* [EXERCISE DESCRIPTION]
Starting at the first line and ending at the one with "Mr 72 500 58", give the lines of the listing again exactly, and nothing else; skip the pictures.

........

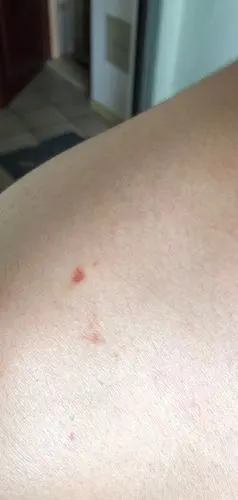 请各位大神辨别一下我男朋友这是勒痕还是吻痕,在线等,挺急的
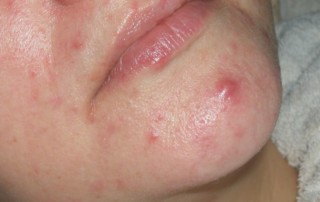 Ayurveda Treatment For Neurodermatitis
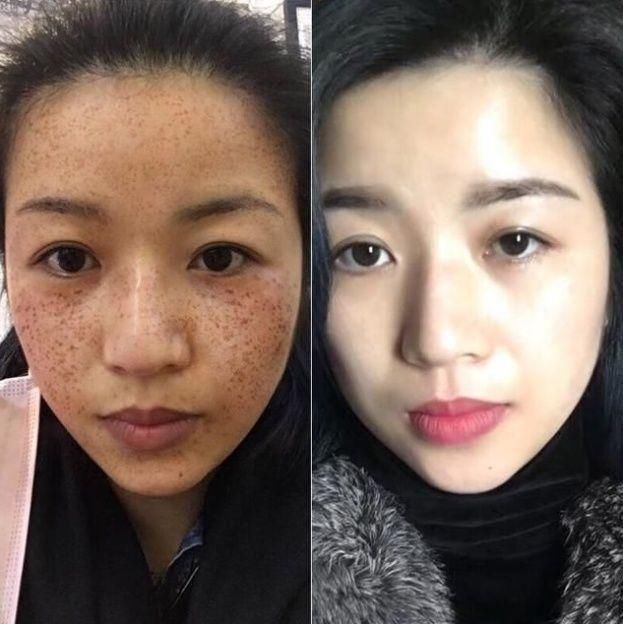 烂香蕉千万别扔,捣碎加上 维E 敷脸,祛斑祛皱_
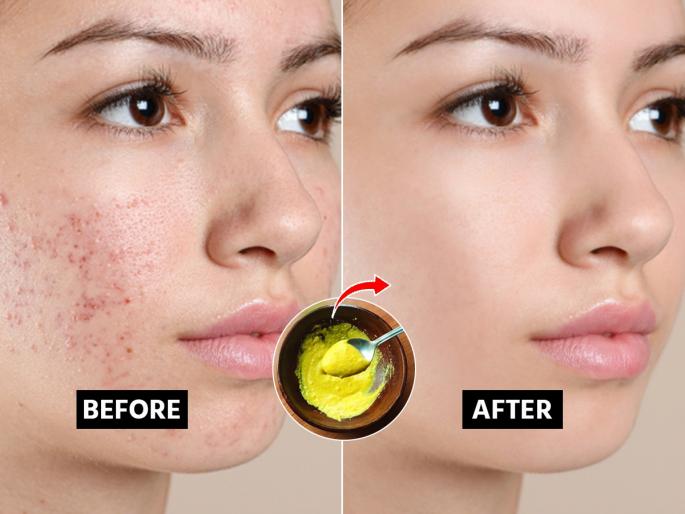 How to get glowing skin using besan : Gram Flour Benefits Besan Face Pack Recipes For All Skin Types | काळ्या डागांनी चेहरा खराब झालाय? किचनमधला १ पदार्थ, चेहरा होईल नितळ-डाग कमी
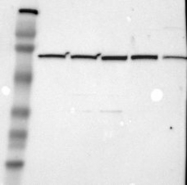 NBP1-84332 - ZC3H12B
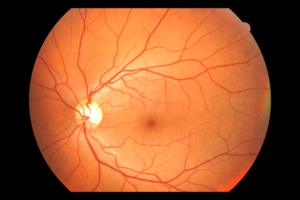 Normal Retina Fundus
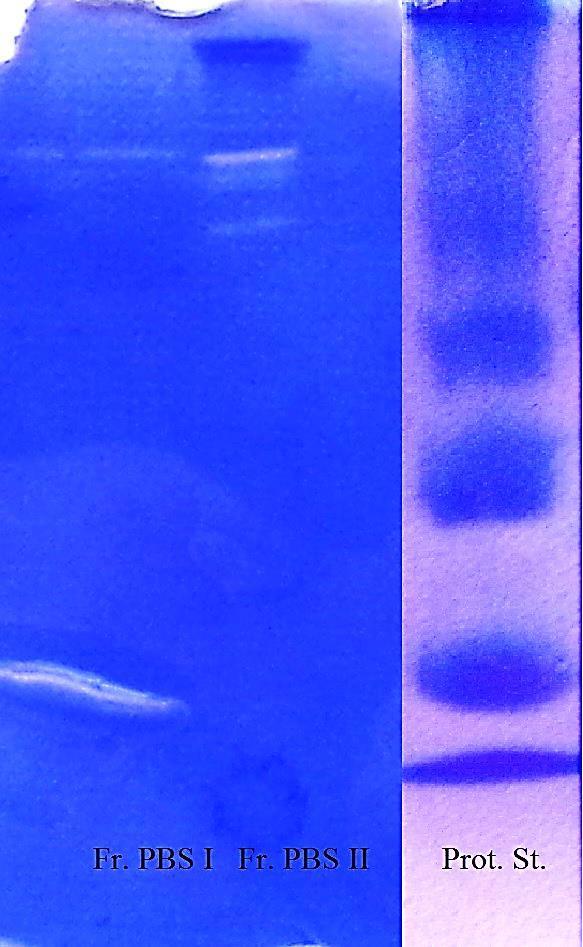 Mr 72 500 58 000 43 500 29 000 14 500 Obrázek 18 - Výsledky zymografie v redukujícím prostředí se vzorky z ionexové chromatografie.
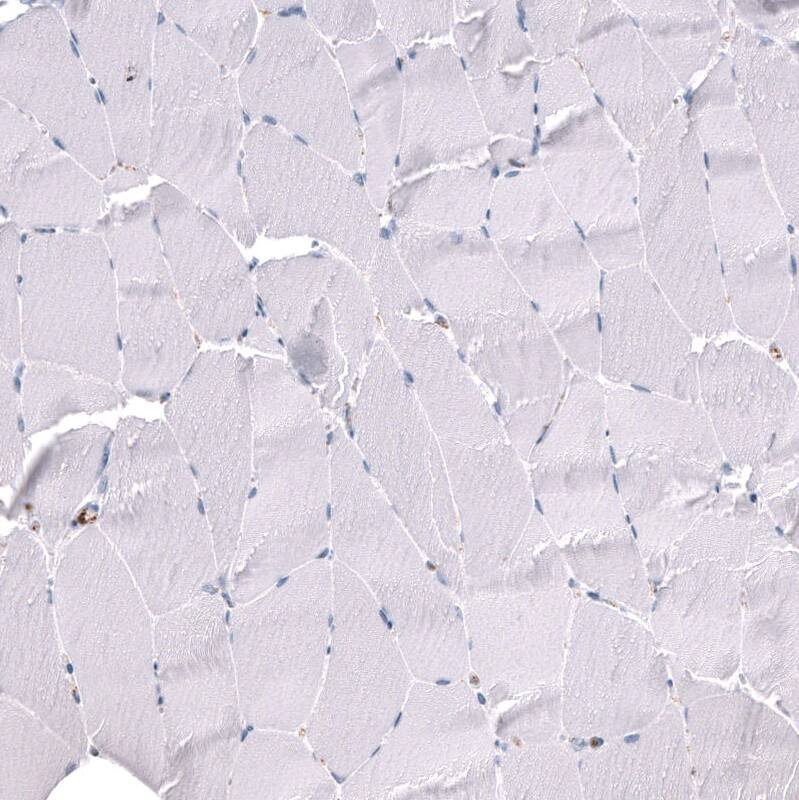 ELAVL2 Antibody (CL15323) [Unconjugated] Immunohistochemistry-Paraffin: ELAVL2 Antibody (CL15323) [NBP3-43661]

........

* [YOUR SOLUTION]
 请各位大神辨别一下我男朋友这是勒痕还是吻痕,在线等,挺急的
 Ayurveda Treatment For Neurodermatitis
 烂香蕉千万别扔,捣碎加上 维E 敷脸,祛斑祛皱_
 How to get glowing skin using besan : Gram Flour Benefits Besan Face Pack Recipes For All Skin Types | काळ्या डागांनी चेहरा खराब झालाय? किचनमधला १ पदार्थ, चेहरा होईल नितळ-डाग कमी
 NBP1-84332 - ZC3H12B
 Normal Retina Fundus
 Mr 72 500 58 000 43 500 29 000 14 500 Obrázek 18 - Výsledky zymografie v redukujícím prostředí se vzorky z ionexové chromatografie.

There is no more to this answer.